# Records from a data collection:
☆ ☆ ☆ ☆ ☆

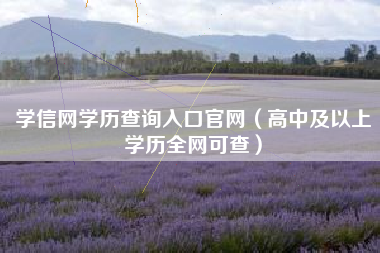学信网学历查询入口官网(高中及以上学历全网可查)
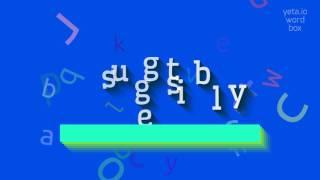 HOW TO PRONOUNCE SUGGESTIBLY? #suggestibly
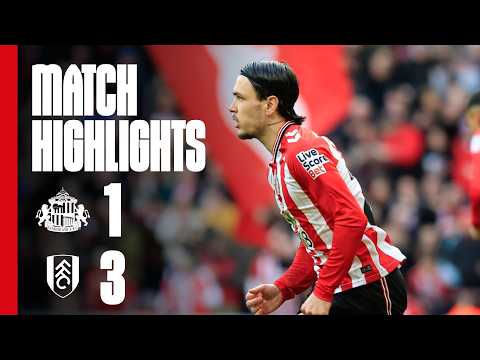 Le Fée Scores But Visitors Take Points | Sunderland AFC 1 – 3 Fulham FC | Premier League Highlights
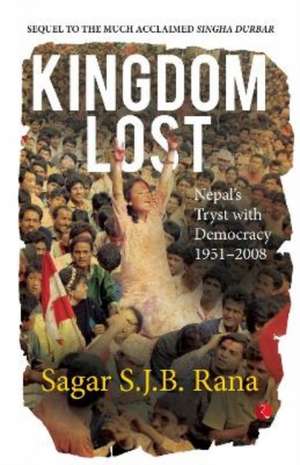 Kingdom Lost de Sagar Rana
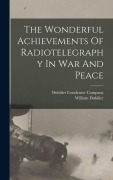 Cover-Bild zum Titel 'The Wonderful Achievements Of Radiotelegraphy In War And Peace' von 'William Dubilier'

☆ ☆ ☆ ☆ ☆

Please set down only the lines from the one containing "HOW TO PRONOUNCE SUGGESTIBLY? #suggestibly" through the end of the entries, exactly as they stand, both ends included and with no pictures.

 HOW TO PRONOUNCE SUGGESTIBLY? #suggestibly
 Le Fée Scores But Visitors Take Points | Sunderland AFC 1 – 3 Fulham FC | Premier League Highlights
 Kingdom Lost de Sagar Rana
 Cover-Bild zum Titel 'The Wonderful Achievements Of Radiotelegraphy In War And Peace' von 'William Dubilier'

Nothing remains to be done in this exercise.